Ahmad, who was a self-supporting entrepreneur at 16 and then studied communications at the University of Damascus, designed Dubarah to build trusting communities both face-to-face and online. There are guides to 36 countries prepared by 1,800 contributors designed to help refugees master what they need to know—from culture to visa requirements.
Ahmad’s “employ/partner with a Syrian refugee” campaign had 8,000 jobs listed and 4,000 filled in a few months—and 420 funding and 520 partnership opportunities realized. Dubarah also offers educational, housing/roommate, volunteer, and social opportunities. Several thousand in his Energy Relief Team are ready for crisis response.
And sharing success stories helps build confidence. In its first year, Dubarah impacted 250,000 Syrian refuges across the world. Ahmad is now introducing a mobile extension of the site and plans to introduce a directory of participants’ professional skills to make cross-connecting easier.
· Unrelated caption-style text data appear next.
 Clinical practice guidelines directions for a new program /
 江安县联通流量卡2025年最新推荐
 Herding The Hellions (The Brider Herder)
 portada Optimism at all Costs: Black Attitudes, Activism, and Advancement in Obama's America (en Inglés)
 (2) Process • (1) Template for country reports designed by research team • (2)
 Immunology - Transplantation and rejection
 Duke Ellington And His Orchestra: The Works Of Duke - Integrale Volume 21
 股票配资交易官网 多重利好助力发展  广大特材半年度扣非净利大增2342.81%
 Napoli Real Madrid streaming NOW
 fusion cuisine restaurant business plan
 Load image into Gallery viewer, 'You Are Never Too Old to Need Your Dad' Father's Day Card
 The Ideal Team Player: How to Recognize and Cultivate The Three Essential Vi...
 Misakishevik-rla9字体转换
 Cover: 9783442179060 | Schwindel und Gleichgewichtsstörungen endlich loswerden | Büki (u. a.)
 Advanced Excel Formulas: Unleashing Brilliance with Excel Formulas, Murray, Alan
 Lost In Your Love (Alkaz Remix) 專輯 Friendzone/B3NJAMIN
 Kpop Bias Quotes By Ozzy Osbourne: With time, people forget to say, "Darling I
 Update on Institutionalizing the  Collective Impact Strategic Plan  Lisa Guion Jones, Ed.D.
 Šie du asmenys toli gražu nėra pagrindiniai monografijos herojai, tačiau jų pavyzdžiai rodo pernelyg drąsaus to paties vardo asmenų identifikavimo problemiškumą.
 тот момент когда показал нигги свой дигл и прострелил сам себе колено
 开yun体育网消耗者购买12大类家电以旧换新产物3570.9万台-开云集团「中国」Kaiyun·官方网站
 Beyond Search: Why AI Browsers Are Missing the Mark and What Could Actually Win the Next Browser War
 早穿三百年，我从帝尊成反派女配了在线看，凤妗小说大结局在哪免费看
Ahmad was forced to leave his first place of refuge, an Arab country perhaps not eager to see refugees self-organizing. Ashoka’s mutual help security program and Ashoka Canada enabled Ahmad and his family to emigrate in 2016 to Canada, a huge talent gift to that country. He has already met with the Federal and Provincial Ministers of Immigration, advising them on the importance of government, citizen sector, and community groups collaborating and focusing well beyond refugees’ first year. As these meetings suggest, Ahmad knows that his model can and must apply to all refugee and similarly disadvantaged groups.
Dubarah sees refugees as change-makers, not as victims or as threats. This stands in contrast to the dominant approach across Europe, in which new arrivals are widely portrayed in the media and viewed by governments as nothing more than a giant problem. This has the potential to become a self-fulfilling prophecy, as refugees nd themselves shunned and isolated on the fringes of mainstream society, dependent on government support— rather than being constructive, entrepreneurial members of their new communities.”